## EXERCISE DIRECTIONS
All entries are to be transcribed verbatim, but images are not carried over.

## Captioned web image data
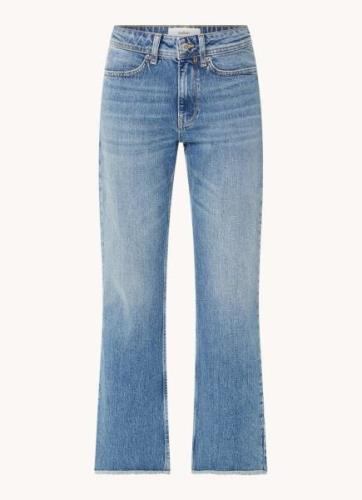 ba&sh Booty high waist flared cropped jeans met medium wassing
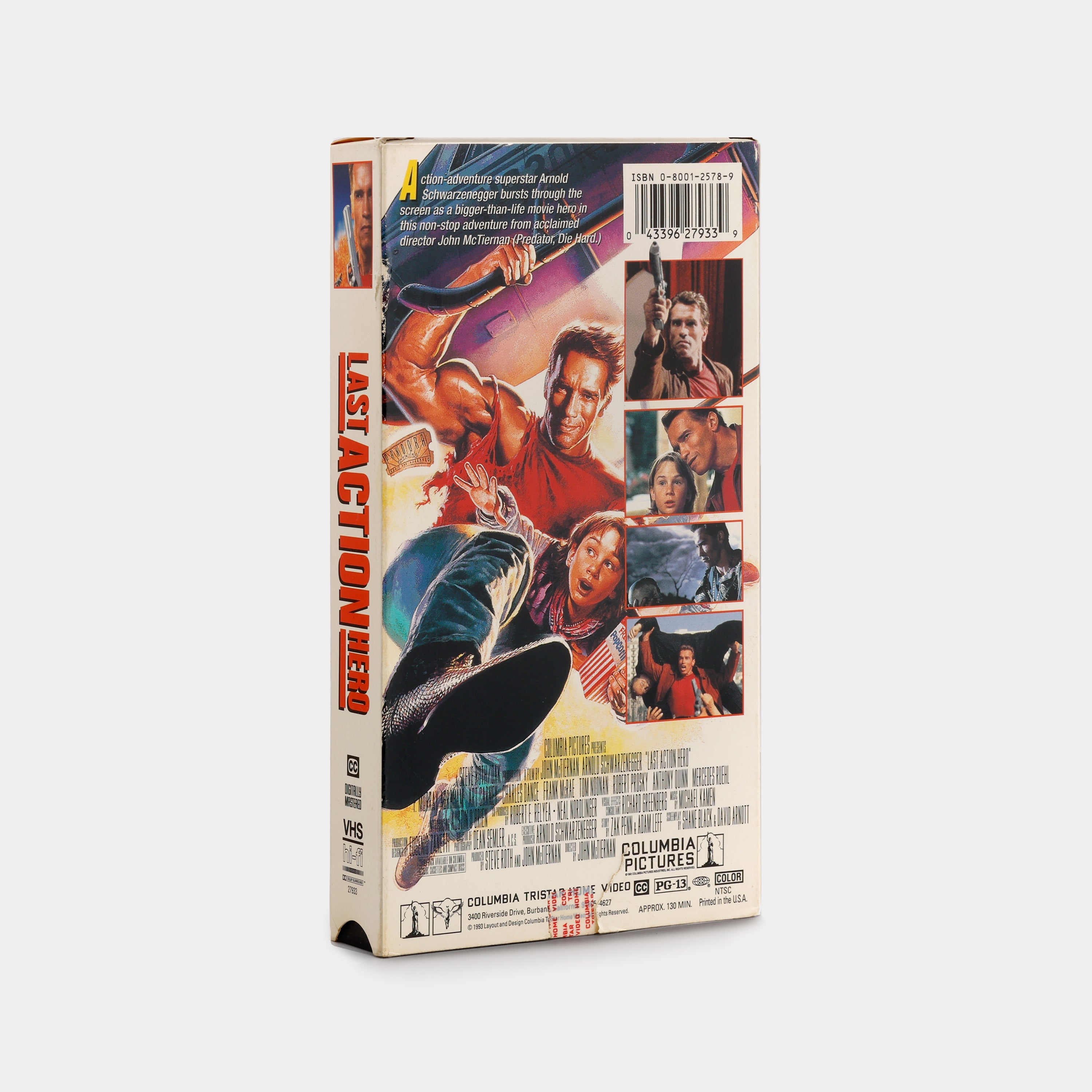 Last Action Hero VHS Tape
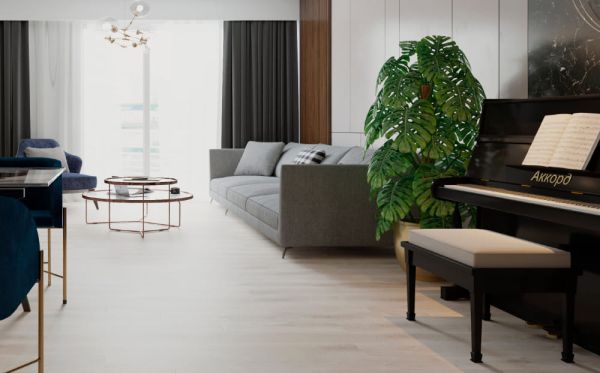 Кварц виниловое покрытие Stone Floor Дуб Летний лес 8305-03 НР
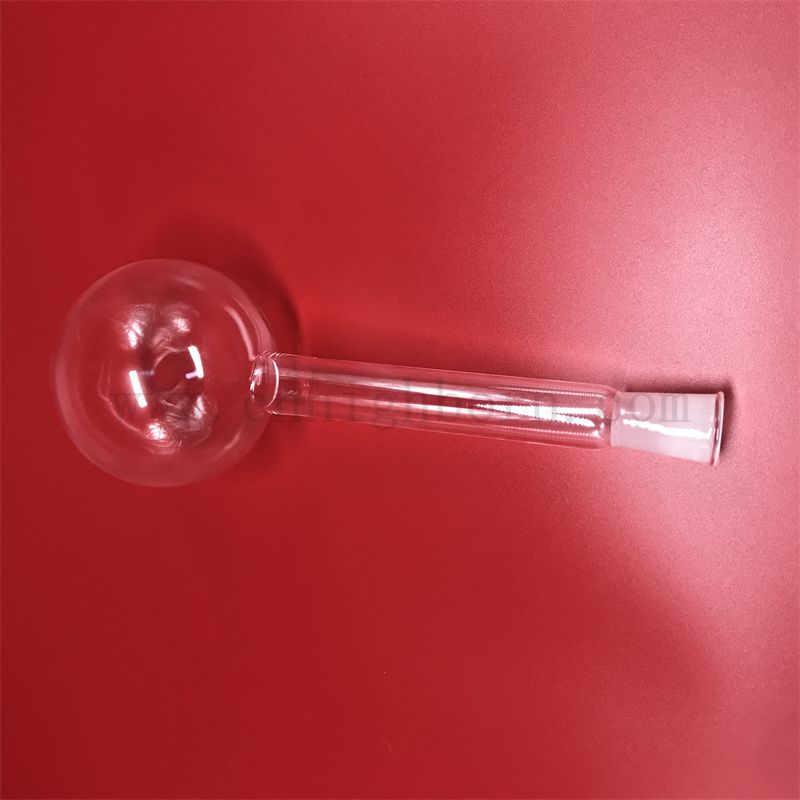 Transparent Long Neck Quartz Glass Round Bottom Flask 500ml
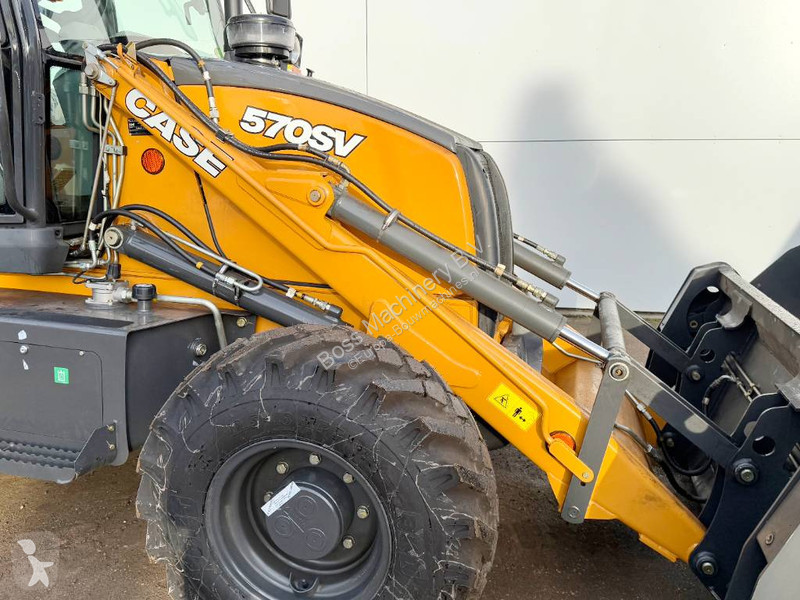 Traktor med grab Case 570SV 4WD - 4/1 Bucket /...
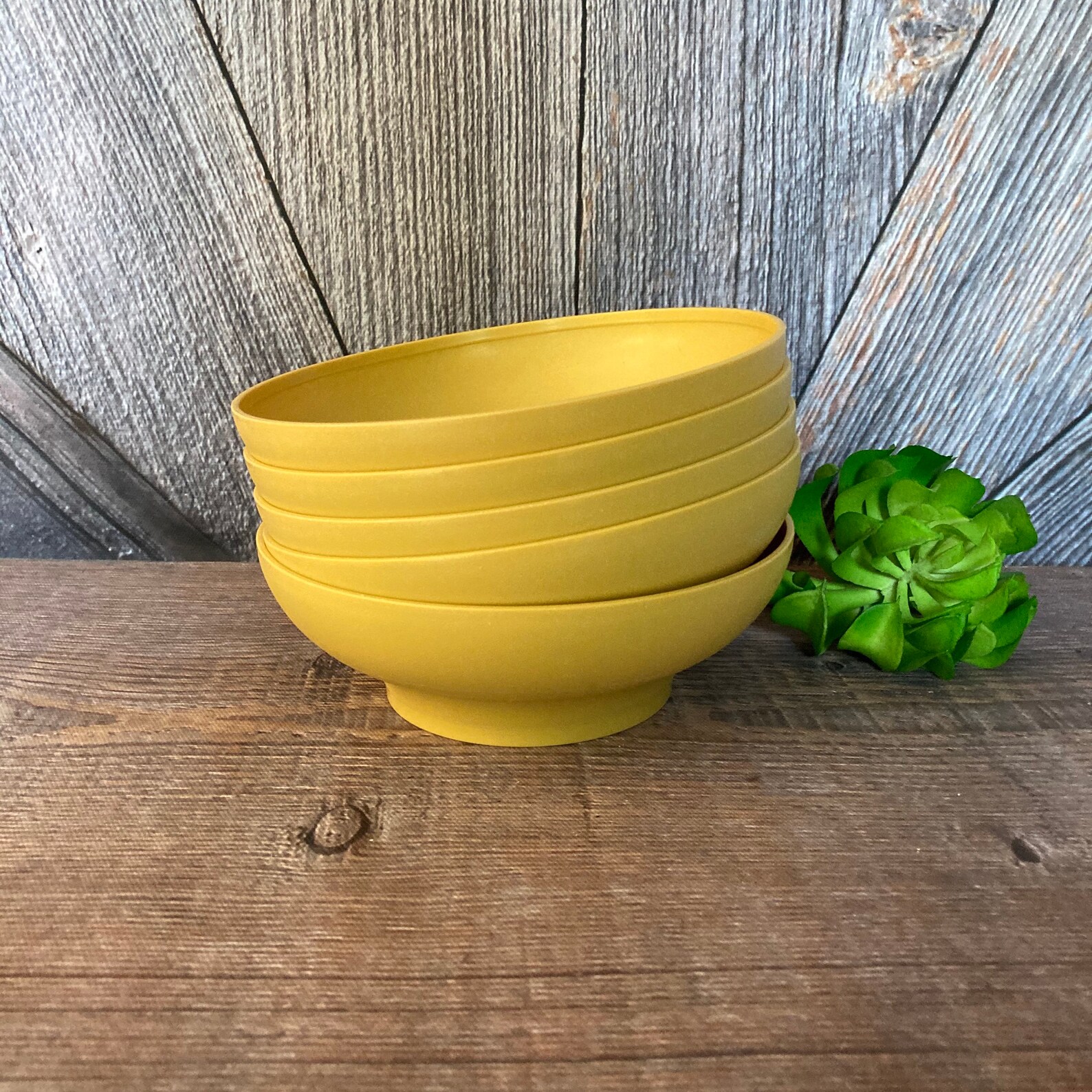 5 Vintage Tupperware Cereal Bowls Plastic Tupper Ware Storage Etsy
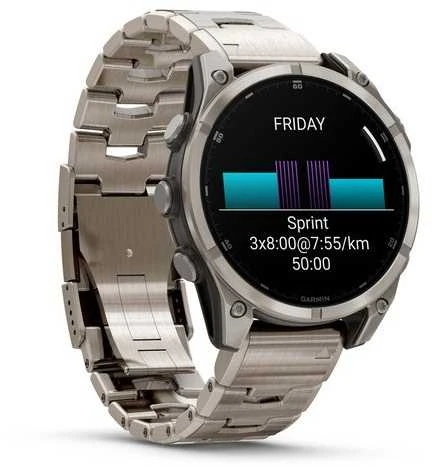 Išmanusis laikrodis Garmin Fenix 8 47MM Amoled GPS Titanium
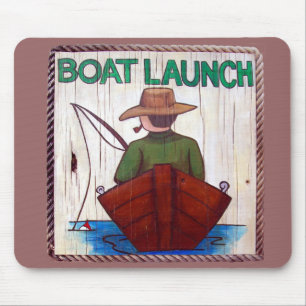 Mousepad Vá pescar! Tapete do rato da pintura do lançamen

## REPLY
 ba&sh Booty high waist flared cropped jeans met medium wassing
 Last Action Hero VHS Tape
 Кварц виниловое покрытие Stone Floor Дуб Летний лес 8305-03 НР
 Transparent Long Neck Quartz Glass Round Bottom Flask 500ml
 Traktor med grab Case 570SV 4WD - 4/1 Bucket /...
 5 Vintage Tupperware Cereal Bowls Plastic Tupper Ware Storage Etsy
 Išmanusis laikrodis Garmin Fenix 8 47MM Amoled GPS Titanium
 Mousepad Vá pescar! Tapete do rato da pintura do lançamen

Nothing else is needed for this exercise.